Papers: 23 Mar 2019 - 29 Mar 2019


Animal Studies


2019 05


Pain


160


5

Peripheral oxytocin restores light touch and nociceptor sensory afferents towards normal after nerve injury.

Authors

Abstract

Oxytocin reduces primary sensory afferent excitability and produces analgesia in part through a peripheral mechanism, yet its actions on physiologically characterized, mechanically sensitive afferents in normal and neuropathic conditions are unknown. We recorded intracellularly from L4 dorsal root ganglion neurons characterized as low-threshold mechanoreceptors (LTMRs) or high-threshold mechanoreceptors (HTMRs) in female rats 1 week after L5 partial spinal nerve injury or sham control (n = 24 rats/group) before, during, and after ganglionic perfusion with oxytocin, 1 nM. Nerve injury desensitized and hyperpolarized LTMRs (membrane potential [Em] was -63 ± 1.8 mV in sham vs -76 ± 1.4 mV in nerve injury; P < 0.001), and sensitized HTMRs without affecting Em. In nerve-injured rats, oxytocin depolarized LTMRs towards normal (Em = -69 ± 1.9 mV) and, in 6 of 21 neurons, resulted in spontaneous action potentials. By contrast, oxytocin hyperpolarized HTMRs (Em = -68 ± 2.7 mV before vs -80 ± 3.2 mV during oxytocin exposure; P < 0.01). These effects were reversed after removal of oxytocin, and oxytocin had minimal effects in neurons from sham surgery animals.
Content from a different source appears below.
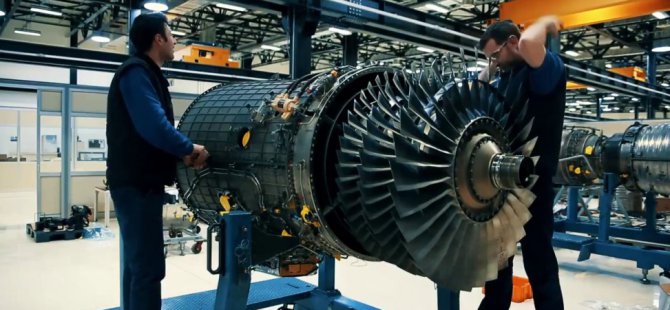 Motor üretimine 205 milyon liralık yatırım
Sensory afferent neurons immunopositive for the vasopressin 1a receptor were larger (34 ± 6.3 μm, range 16-57 μm) than immunonegative neurons (26 ± 3.4 μm, range 15-43 μm; P < 0.005). These data replicate findings that neuropathic injury desensitizes LTMRs while sensitizing HTMRs and show rapid and divergent oxytocin effects on these afferent subtypes towards normal, potentially rebalancing input to the central nervous system. Vasopressin 1a receptors are present on medium to large diameter afferent neurons and could represent oxytocin's target.